As farmácias satélites foram instaladas em áreas estratégicas de maior demanda e fluxo, permitindo que os medicamentos estejam mais próximos das equipes de saúde e reduzindo o tempo de espera nos processos internos. A descentralização do serviço também proporciona mais praticidade no abastecimento dos setores e maior suporte às rotinas hospitalares.
Para quem atua diretamente na assistência, a mudança é sentida no relógio. Luciana Macedo, enfermeira da Oncologia Paliativa, destaca que a nova estrutura é importante em situações em que a precisão não pode esperar. "Trabalhamos com tempo e precisão. Cada minuto economizado nos deslocamentos pelos corredores representa mais agilidade no cuidado e benefício direto para o paciente", afirma a enfermeira, enfatizando que a medida garante uma assistência muito mais segura.
Anteriormente, o hospital dependia de uma centralização que exigia constantes deslocamentos das equipes. Atualmente, a rede interna é composta por quatro unidades satélites e uma farmácia central, responsável pelo abastecimento de medicamentos e insumos médicos destinados às novas unidades.
De acordo com Aphra Albuquerque, coordenadora do Núcleo Farmacêutico do HRPI, a implantação das farmácias satélites fortalece a qualidade da assistência prestada.

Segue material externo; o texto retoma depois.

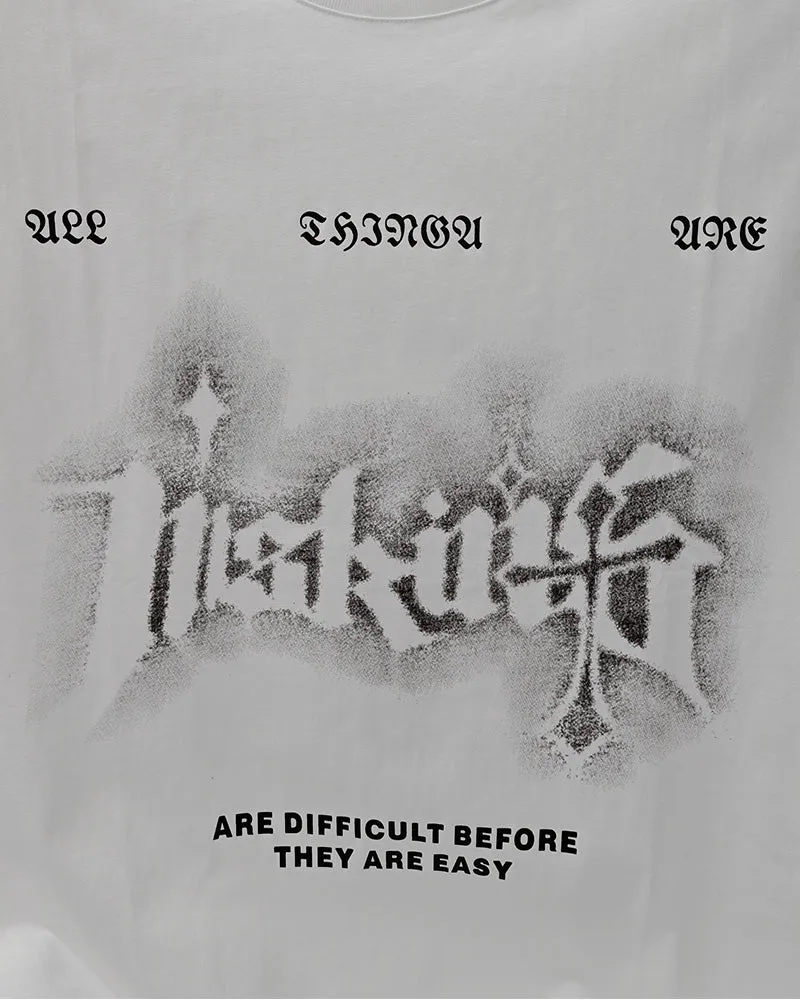 L-2XL Street Fashion White Chain Gothic Hee Letter Printed Round Neck Sleeveless Vest sold by Biggmans product image thumbnail 4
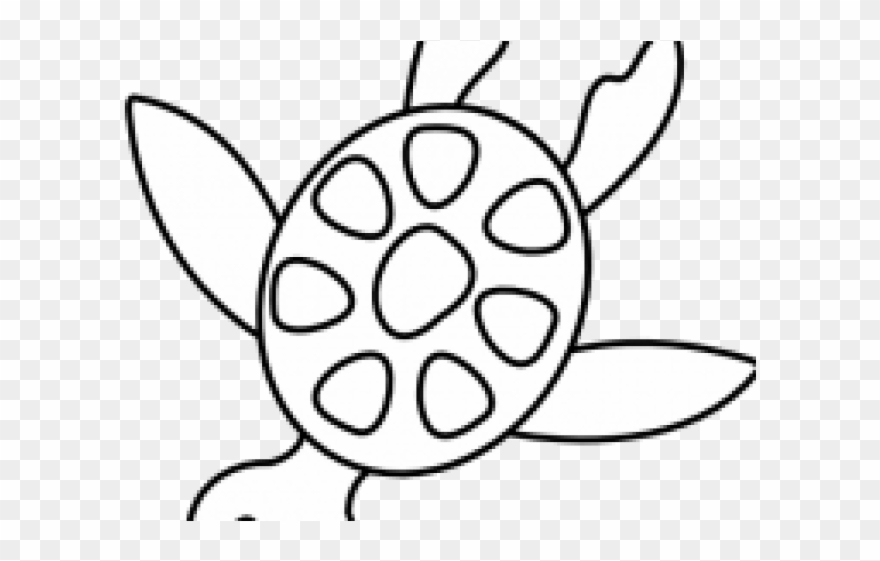 Sea Turtle Clipart Sea Plant - Sea Animals Black And White Png Transparent Png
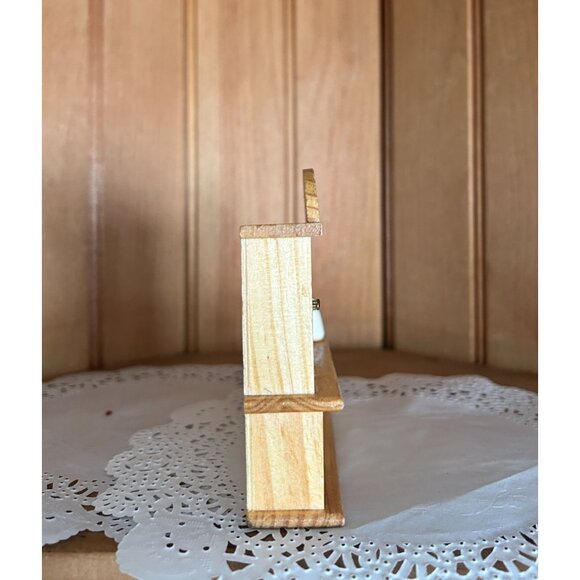 Miniature Vintage Wooden Display Cabinet Accessory Dollhouse Funiture Firehouse - Picture 4 of 5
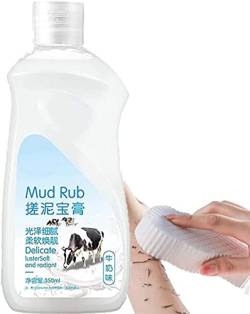 Mud Rubbing Artifact Gel,Mud Rubbing Artifact,Body Exfoliator Scrub,Mud Rubbing Cream for Glowing & Smooth Skin (Milk) von BIRKIM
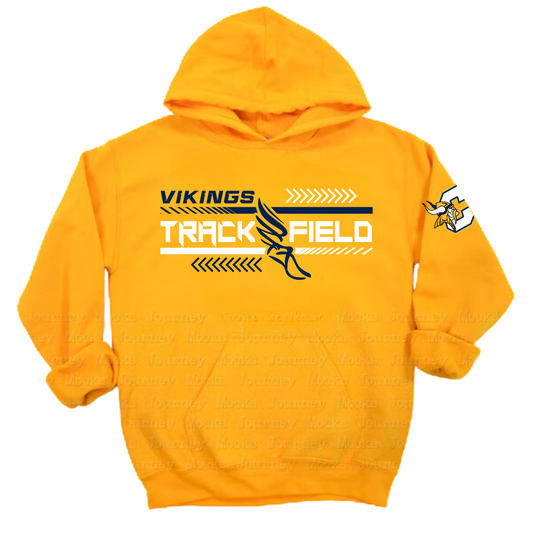 Cadillac Vikings Track & Field ADULT Hoodie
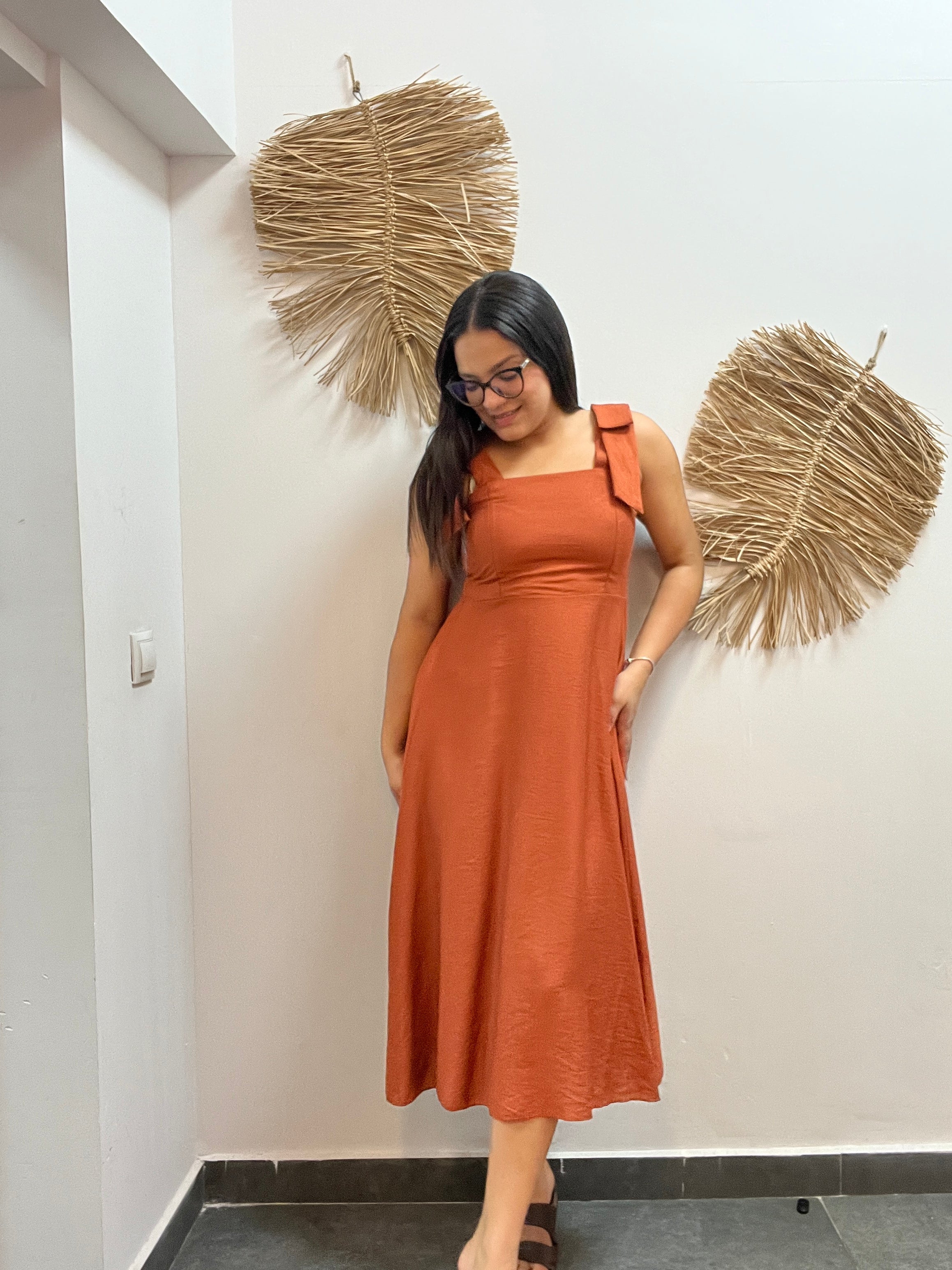 Vestido Midi Lazo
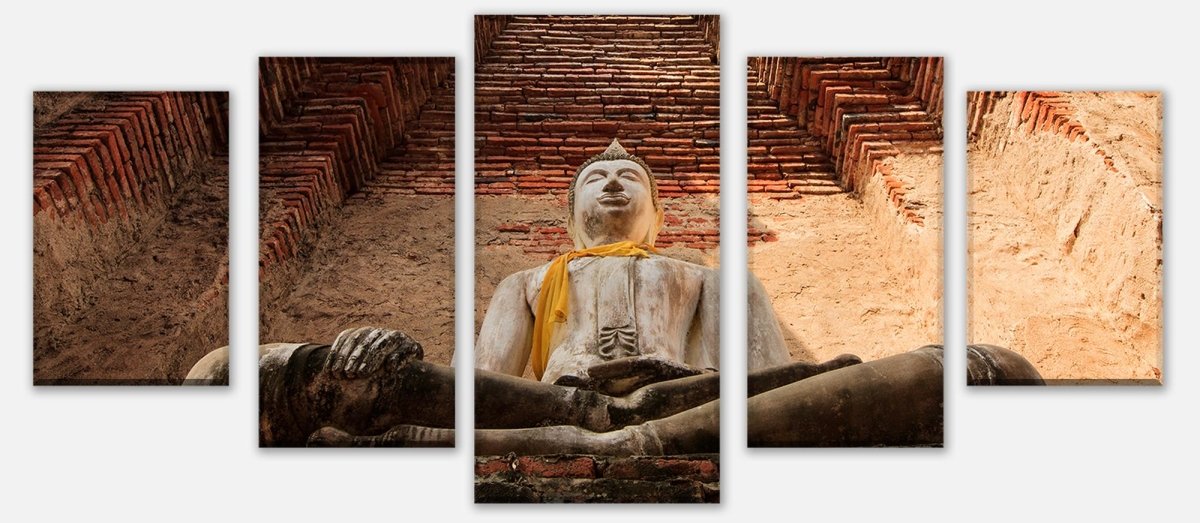 Leinwandbild Mehrteiler Eine große Buddha-Statue M0957 entdecken - Bild 1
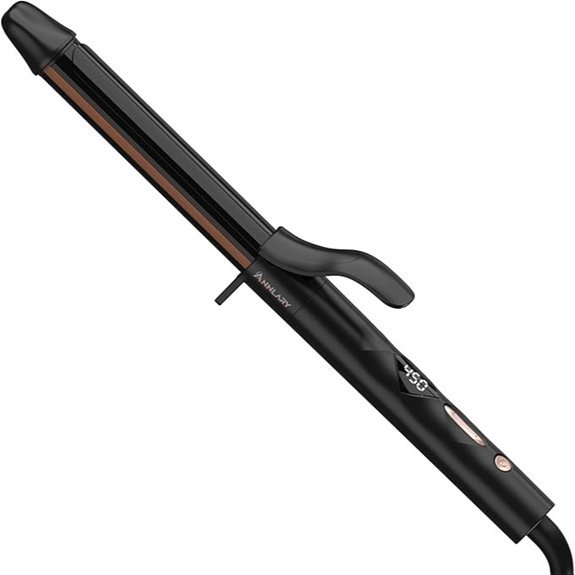 ANNLARY 1 Inch Titanium Ceramic Curling Iron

“Esse sistema representa um avanço na organização e na segurança da assistência farmacêutica hospitalar. A descentralização do abastecimento permite maior rapidez nas dispensações e reduz o tempo de resposta às unidades assistenciais. Além disso, os satélites fortalecem a segurança do paciente, minimizam riscos operacionais, reduzem deslocamentos desnecessários e oferecem suporte mais eficiente às áreas críticas, como UTIs, centro cirúrgico, emergência e setores de alta complexidade”, finalizou a coordenadora.